A stamp is forever
Could 1¢ and 2¢ stamps be on the endangered species list? Such an idea may seem laughable, but it’s no longer unthinkable with the USPS announcing today that all 2011 commemorative stamps will be “forever” stamps.
If you live in the U.S., you’re no doubt familiar with the Liberty Bell forever stamps introduced in 2007, which will always be valid at the current first-class rate regardless of how much the cost of mailing a letter increases. But until now, only a handful of definitives and some of this year’s holiday stamps have received that designation.

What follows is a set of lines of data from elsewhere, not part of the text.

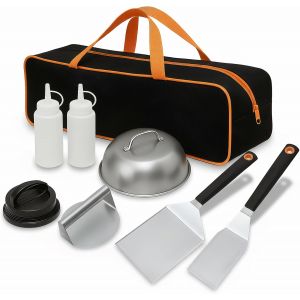 Ulteronixshop-8 Pi&egrave;ces Ustensiles Barbecue Acier Inoxydable, Professionnel Ustensiles Plancha, Set Spatule Plancha, Kit Barbecue, Spatule Professionnelle pour Barbecue Ext&eacute;rieur, Teppanyaki, Camping - Neuf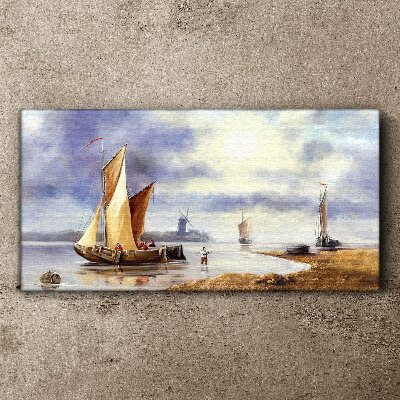 A quiet port with sailboats Canvas wall art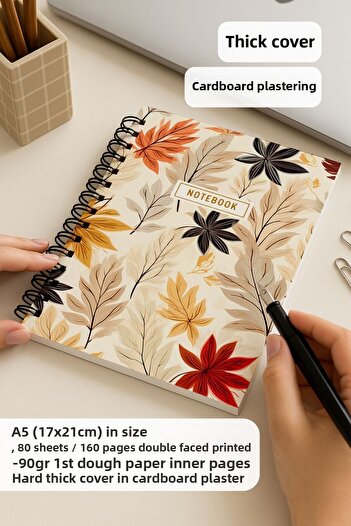 Eldesen Tasarım A5 Spiral Thick Cover Dotted Notepad, 80 Sheets 160 Pages, Autumn Leaves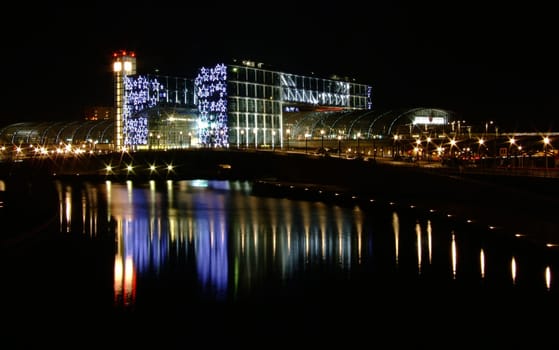 Illuminated Berlin Central Station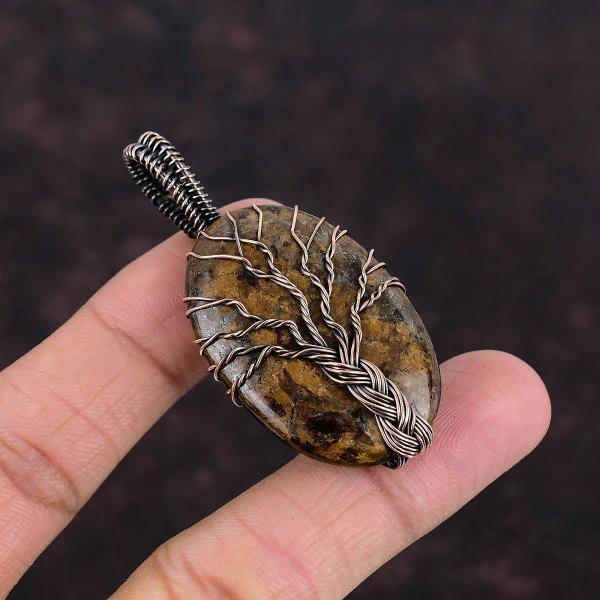 Tree Of Life Bronzite Copper Pendant Wire Wrap Gemstone Jewelry Handmade Pendant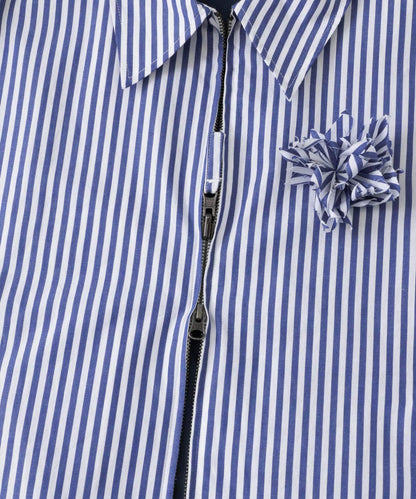 hxcyyd × SOP 條紋花卉胸花襯衫夾克（男女同款）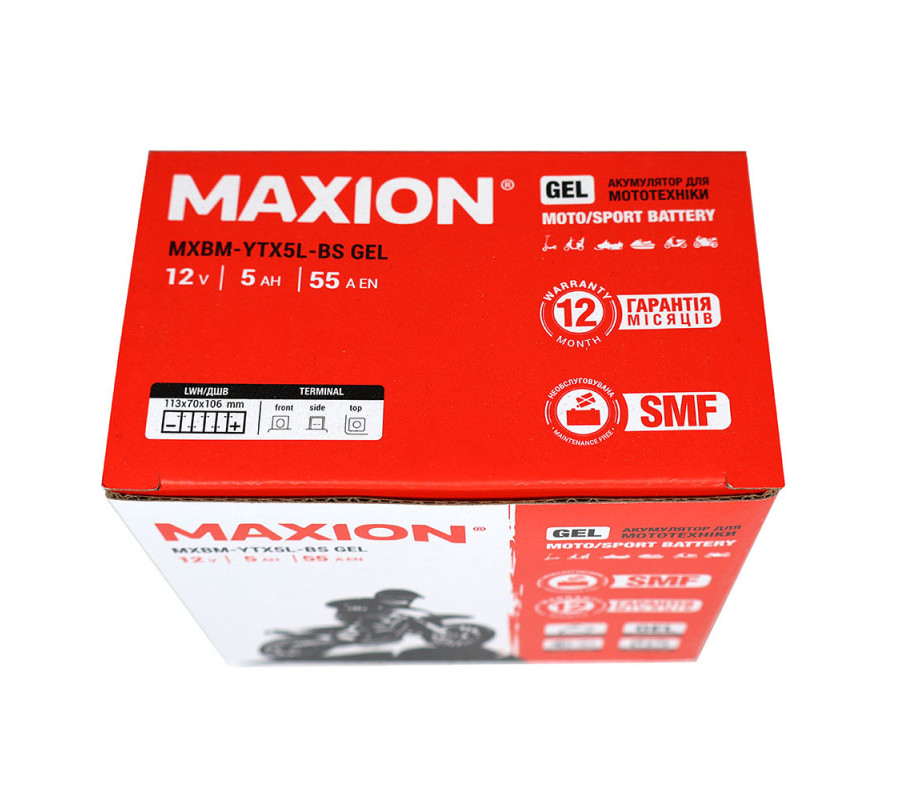 Мото акумулятор MAXION 12V 5Ah 55A R+ YTX5L-BS GEL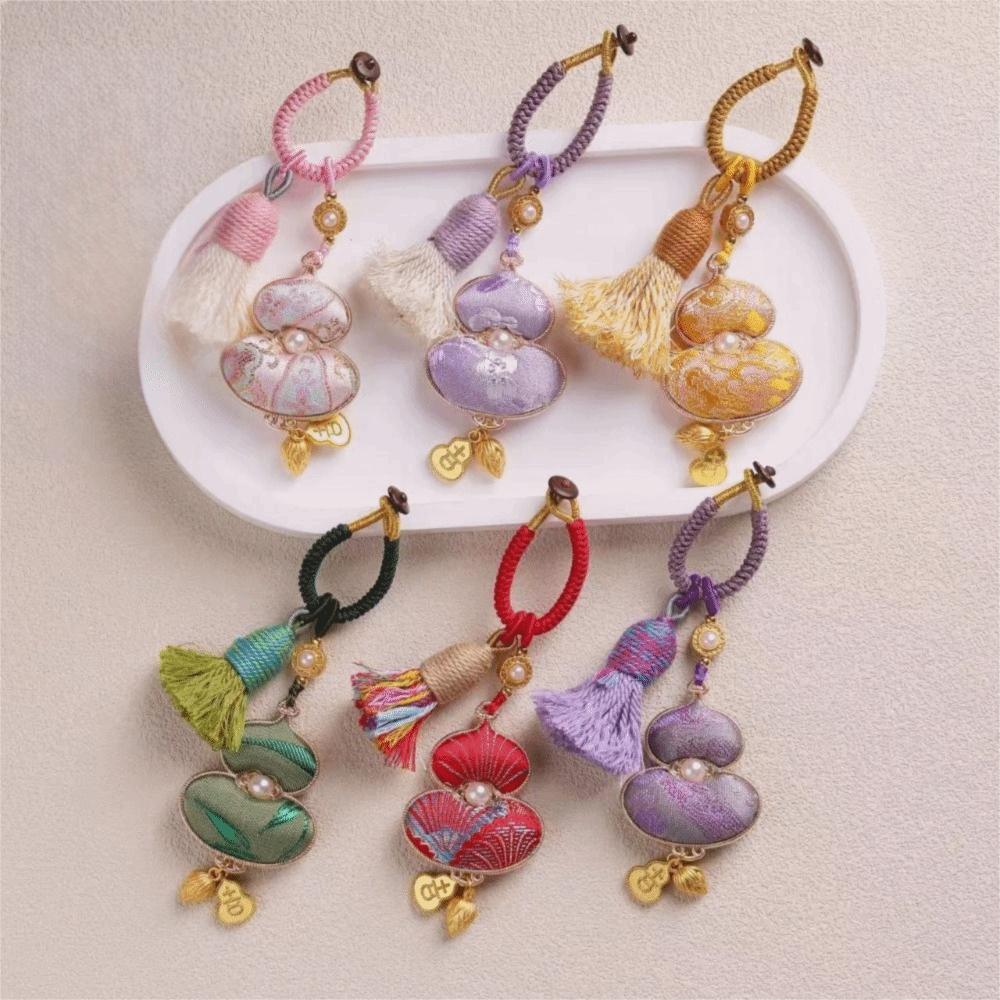 Handmade Woven Tassel Bag Pendant Blessing Gourd Key-chain Hanging Ornaments Couple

The official announcement regarding the change states that the Liberty Bell stamps now constitute the majority of first-class stamp sales, but there’s also a potential financial benefit for the struggling post office. As David Failor, executive director of stamp services, explains, the USPS will no longer have to destroy unused stamps. What’s printed can simply remain on sale until supplies are exhausted, which actually makes sense.
While some denominated stamps will still be necessary for paying the postage on a second ounce, for example, or the non-machinable surcharge, the lowest value definitives would seem to become all but useless. If all first-class stamps are forever stamps, then there will never be any need to add a penny or two of postage to reach the current rate. It will be interesting to see where the postal service goes with this.
What do you think of the change? Will you miss denominated commemoratives, or do you think it’s high time the postal service made this move?